→ Exercise goal:
Below are the records; print exactly the lines from the one with "Basketball Hoop" through the last, both included, and leave the pictures out.

→ Data excerpts:
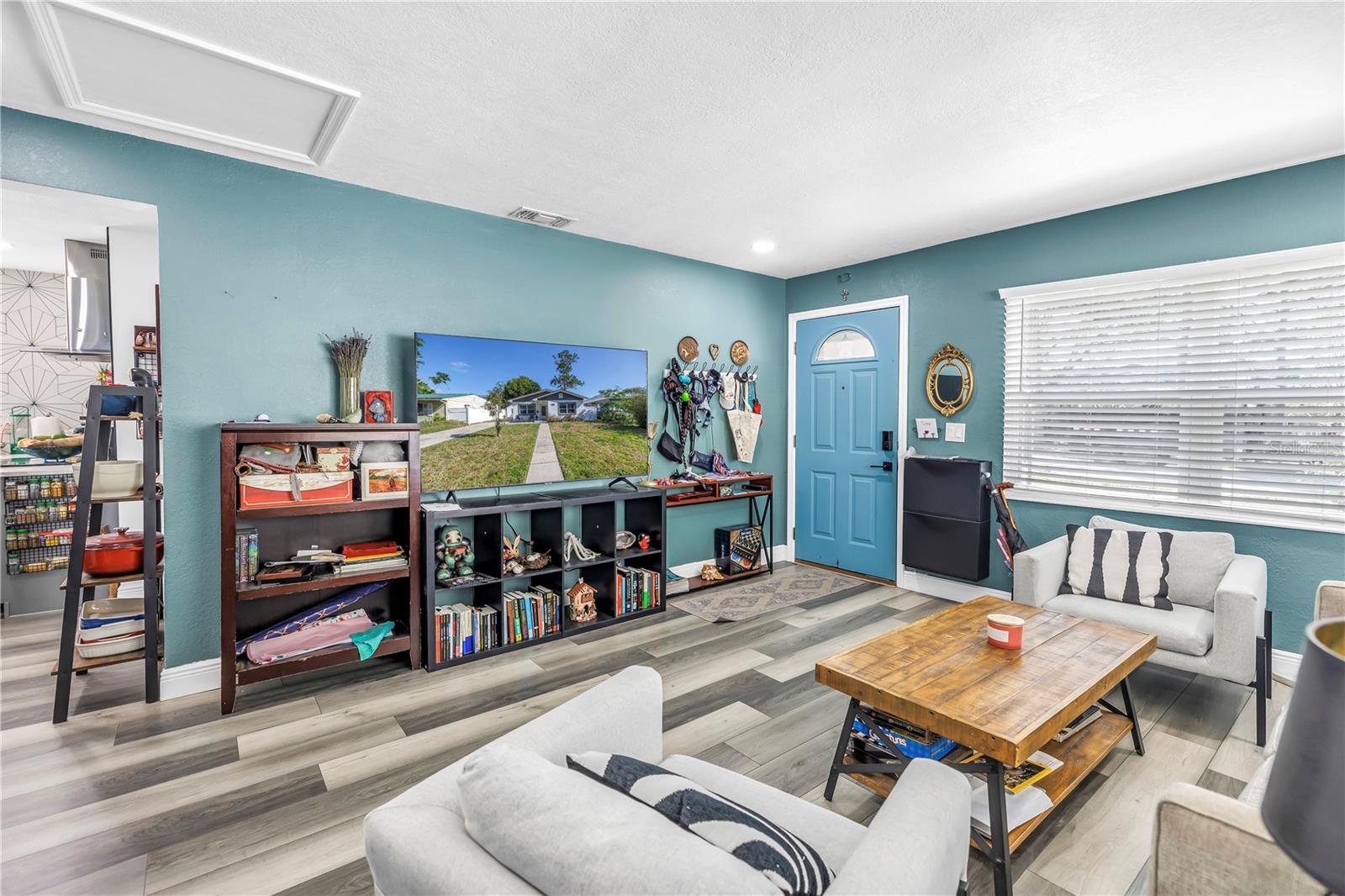 Listing photo id 8 for 633 47th Avenue N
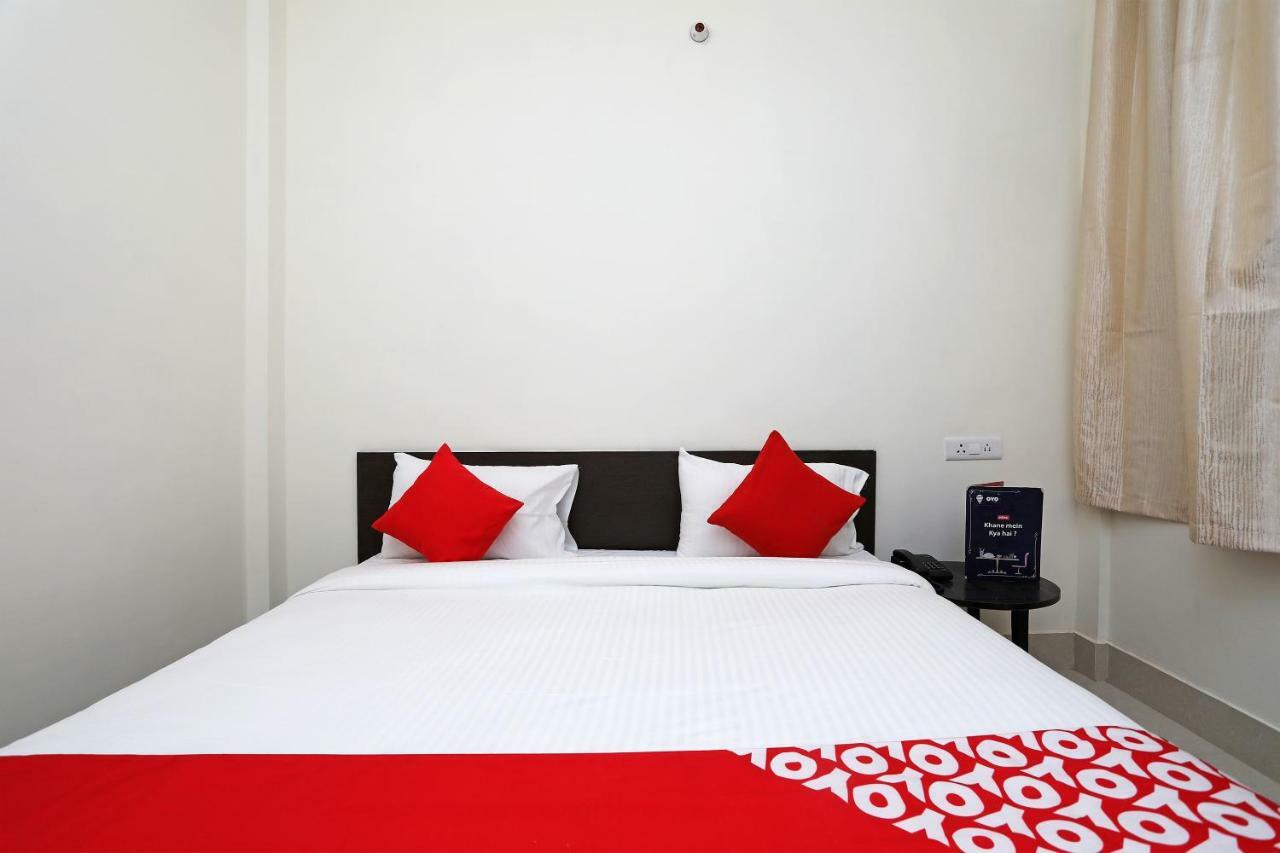 Oyo 16708 Sada Shiv Guest House Varanasi Ngoại thất bức ảnh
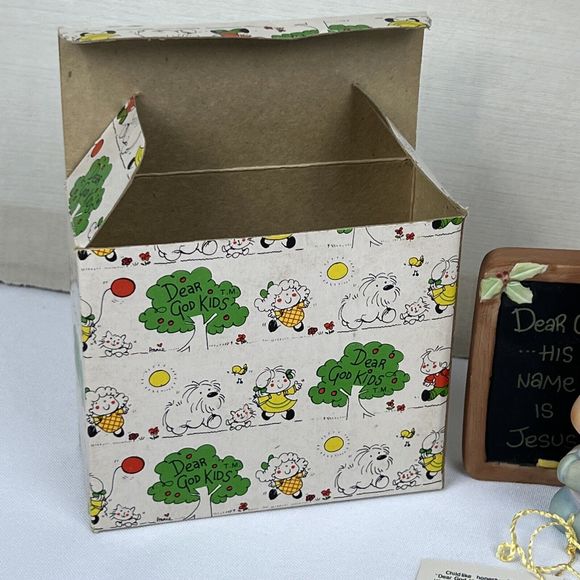 Enesco Figure Dear GOD Kids His Name Is JESUS Vintage 1982 - Picture 11 of 14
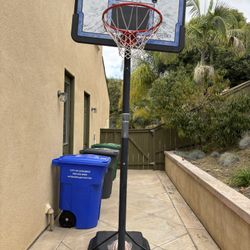 Basketball Hoop 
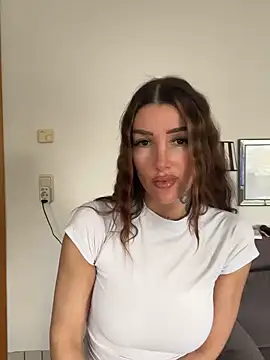 Snapshot of NovaLushhh chatting on February 4, 2026, 2:45 pm NovaLushhh online show from February 4, 2026, 2:45 pm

→ Result of the exercise:
 Basketball Hoop 
 Snapshot of NovaLushhh chatting on February 4, 2026, 2:45 pm NovaLushhh online show from February 4, 2026, 2:45 pm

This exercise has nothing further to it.